As a Publications Chair for SOCS-3 I had to assemble the proceedings. As raw input I had a series of postscript files, with the pages unnumbered. I had to produce a document containing all the files, with numbered pages and a table of contents. I was too lazy to add an author's index, although it wouldn't have been that hard.

This task may be easy if you have the right tools, but I tried to do it using only freely available software (not only free, but also at no cost). A few attempts were needed before a decent success, so this page shares my experience.

The basic trick was to create a LaTeX document which would include the pages of all the papers as figures. For this purpose I had to slice each document into pages and to transform each page in encapsulated postscript. Here are the steps I went through; the solution may be unoptimal, but it works.
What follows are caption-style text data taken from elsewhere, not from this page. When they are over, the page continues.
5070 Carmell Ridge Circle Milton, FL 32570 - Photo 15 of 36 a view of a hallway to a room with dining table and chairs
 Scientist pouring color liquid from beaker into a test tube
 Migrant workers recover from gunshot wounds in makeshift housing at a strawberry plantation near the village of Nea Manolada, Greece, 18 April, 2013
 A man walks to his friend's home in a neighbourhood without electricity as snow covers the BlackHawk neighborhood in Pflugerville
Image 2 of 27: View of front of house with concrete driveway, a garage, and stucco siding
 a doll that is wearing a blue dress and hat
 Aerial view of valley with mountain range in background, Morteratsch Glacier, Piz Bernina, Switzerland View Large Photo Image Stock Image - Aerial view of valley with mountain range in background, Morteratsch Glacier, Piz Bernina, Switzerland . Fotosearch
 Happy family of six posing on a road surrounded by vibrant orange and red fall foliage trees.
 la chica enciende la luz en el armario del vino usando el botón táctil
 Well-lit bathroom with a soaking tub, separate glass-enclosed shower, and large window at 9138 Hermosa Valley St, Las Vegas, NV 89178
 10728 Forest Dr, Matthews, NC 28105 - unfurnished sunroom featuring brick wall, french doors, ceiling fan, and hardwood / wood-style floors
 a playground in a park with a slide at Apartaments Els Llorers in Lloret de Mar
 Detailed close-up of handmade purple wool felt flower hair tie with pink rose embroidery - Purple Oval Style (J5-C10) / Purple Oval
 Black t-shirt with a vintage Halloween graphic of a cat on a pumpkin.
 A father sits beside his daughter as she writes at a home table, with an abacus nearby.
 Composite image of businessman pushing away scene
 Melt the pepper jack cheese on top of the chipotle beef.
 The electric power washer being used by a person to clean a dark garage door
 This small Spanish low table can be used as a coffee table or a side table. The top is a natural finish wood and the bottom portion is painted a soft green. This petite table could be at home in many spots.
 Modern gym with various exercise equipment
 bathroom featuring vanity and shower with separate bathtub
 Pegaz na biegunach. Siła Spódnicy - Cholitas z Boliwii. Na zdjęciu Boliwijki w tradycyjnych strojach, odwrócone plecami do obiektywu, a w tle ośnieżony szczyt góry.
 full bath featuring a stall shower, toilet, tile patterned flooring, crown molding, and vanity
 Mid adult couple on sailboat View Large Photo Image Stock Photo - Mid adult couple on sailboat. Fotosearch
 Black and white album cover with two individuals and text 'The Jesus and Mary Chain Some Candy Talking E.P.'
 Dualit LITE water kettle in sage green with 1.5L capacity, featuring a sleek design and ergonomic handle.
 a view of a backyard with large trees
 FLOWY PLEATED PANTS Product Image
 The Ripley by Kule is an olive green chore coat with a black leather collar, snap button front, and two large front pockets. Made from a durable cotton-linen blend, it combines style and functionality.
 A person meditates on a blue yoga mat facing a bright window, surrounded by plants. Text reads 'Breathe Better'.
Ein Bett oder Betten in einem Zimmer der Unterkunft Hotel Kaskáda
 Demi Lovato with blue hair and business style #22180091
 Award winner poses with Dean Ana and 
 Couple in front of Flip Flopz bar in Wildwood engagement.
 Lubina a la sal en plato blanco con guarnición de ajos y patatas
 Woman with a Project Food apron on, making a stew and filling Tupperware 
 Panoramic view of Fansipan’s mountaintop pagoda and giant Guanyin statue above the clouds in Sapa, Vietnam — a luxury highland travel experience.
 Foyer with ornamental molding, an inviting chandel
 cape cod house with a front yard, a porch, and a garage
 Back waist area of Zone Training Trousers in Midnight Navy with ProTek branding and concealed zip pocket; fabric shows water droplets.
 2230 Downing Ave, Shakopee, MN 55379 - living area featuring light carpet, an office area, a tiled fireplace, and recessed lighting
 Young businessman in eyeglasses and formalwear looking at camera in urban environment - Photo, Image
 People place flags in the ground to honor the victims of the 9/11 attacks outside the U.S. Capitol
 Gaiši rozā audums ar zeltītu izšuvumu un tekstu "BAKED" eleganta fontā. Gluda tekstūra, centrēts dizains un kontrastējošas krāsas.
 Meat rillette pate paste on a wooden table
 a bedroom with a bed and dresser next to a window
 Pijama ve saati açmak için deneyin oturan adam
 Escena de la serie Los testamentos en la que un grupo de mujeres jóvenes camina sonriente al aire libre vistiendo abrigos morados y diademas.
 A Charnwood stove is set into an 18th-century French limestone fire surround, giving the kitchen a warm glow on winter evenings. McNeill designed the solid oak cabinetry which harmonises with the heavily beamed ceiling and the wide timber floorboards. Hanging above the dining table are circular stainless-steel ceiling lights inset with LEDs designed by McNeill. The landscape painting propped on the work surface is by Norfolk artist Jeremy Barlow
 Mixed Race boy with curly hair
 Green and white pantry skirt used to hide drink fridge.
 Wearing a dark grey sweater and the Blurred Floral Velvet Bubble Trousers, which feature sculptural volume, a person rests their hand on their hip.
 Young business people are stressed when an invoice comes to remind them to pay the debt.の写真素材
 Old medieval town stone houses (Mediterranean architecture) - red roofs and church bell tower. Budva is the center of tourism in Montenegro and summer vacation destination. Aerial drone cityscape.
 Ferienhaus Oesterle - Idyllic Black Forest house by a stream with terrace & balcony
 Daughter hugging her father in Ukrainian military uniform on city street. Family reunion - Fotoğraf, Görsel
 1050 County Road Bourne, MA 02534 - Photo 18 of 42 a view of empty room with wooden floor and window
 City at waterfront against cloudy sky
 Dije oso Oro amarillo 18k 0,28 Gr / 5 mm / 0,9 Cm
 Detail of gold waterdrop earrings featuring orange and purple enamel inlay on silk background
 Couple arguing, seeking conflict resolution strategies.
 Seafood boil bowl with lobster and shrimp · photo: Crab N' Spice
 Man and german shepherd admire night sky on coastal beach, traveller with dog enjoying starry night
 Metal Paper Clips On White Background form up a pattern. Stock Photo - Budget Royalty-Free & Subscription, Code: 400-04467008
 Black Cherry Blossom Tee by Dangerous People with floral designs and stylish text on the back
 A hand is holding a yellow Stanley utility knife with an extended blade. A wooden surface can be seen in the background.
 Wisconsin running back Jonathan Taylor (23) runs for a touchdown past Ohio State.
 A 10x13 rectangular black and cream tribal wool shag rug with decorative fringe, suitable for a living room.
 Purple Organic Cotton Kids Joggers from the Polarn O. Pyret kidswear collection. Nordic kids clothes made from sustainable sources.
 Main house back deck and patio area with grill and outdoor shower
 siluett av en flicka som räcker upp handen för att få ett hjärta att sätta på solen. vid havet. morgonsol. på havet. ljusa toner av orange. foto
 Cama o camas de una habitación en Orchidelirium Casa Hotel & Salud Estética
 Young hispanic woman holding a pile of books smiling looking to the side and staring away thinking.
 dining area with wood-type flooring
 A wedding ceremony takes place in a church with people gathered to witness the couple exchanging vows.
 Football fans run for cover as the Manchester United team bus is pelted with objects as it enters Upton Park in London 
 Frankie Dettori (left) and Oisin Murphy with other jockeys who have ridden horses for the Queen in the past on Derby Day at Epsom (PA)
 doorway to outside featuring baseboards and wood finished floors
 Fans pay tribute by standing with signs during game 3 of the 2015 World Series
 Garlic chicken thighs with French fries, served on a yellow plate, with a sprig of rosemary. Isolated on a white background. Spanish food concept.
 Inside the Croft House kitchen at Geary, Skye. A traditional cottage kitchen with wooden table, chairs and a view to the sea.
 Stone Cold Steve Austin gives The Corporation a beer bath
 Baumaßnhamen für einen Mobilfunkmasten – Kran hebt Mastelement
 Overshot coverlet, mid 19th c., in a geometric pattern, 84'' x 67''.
First make sure that all documents are in conforming postscript. Some would crash ghostscript, some would crash other postscript utilities. For some very stubborn documents generated with Microsoft tools I had to ask the authors to supply me a better version, as the document would even crash the printer. Apparently Windows 95's Postscript is better than Window NT's.
Make sure you have the latest versions of the psutils tools, and of ghostscript and dvips. Running with older tools didn't give usable results.
If you have some Adobe tools and non-conforming postscript, try to distill them into .pdf and back to postscript using the distill and acroexch tools (available at CMU on Solaris).
Otherwise there are ps2pdf and pdf2ps tools, but they are likely to rely on ghostscript, so they are as weak as this program.
Then I have created the following LaTeX document (I gave it a .txt suffix, so you can see it in Netscape). It uses the macro \pageimage to include page images. Notice the \epsfxsize command which is used to constrain the image to the proper size.
Then I have created a text file called order (the name is hardwired in the script too) listing all the papers. They appear in the order they should be included in the proceedings. Each paper is given by its file name only. I have added comments with # and empty lines, there's also a keyword 'stop' to debug my script.
The main job is done by the following Perl script. This script does the following operations for each paper in the 'order' file:
- It cleans the postscript using the ps2ps program. This will also crop the pages to the bounding box.
- It uses psselect to cut each document into individual pages.
- If transforms each page into an .epsi file. This is a little wasteful, because epsi is not only encapsulated postscript, but it also contains a 'preview' of the file in another format (usually .tiff). But other methods I have tried to generate .eps have failed, because apparently they rasterize the image and loose resolution.
- It will write for each page a LaTeX line to include the page as a figure.
- At the end of each document it would generate the LaTeX macro which is the page number where the document begins.
The script will generate two auxiliary latex files 'pagenumbers.tex' and 'allpapers.tex', which will be included by the main LaTeX file.
In the end, just run the script once and LaTeX once to generate the final document.
Using dvips you can get the postscript booklet.
Caveat: if some of the documents contain pages which are narrower than usual (e.g. a single column), because of the cropping and including using \epsfxsize they will be enlarged a lot. For such pages I had to manually create a new \halfpageimage macro which includes somewhat narrower figures.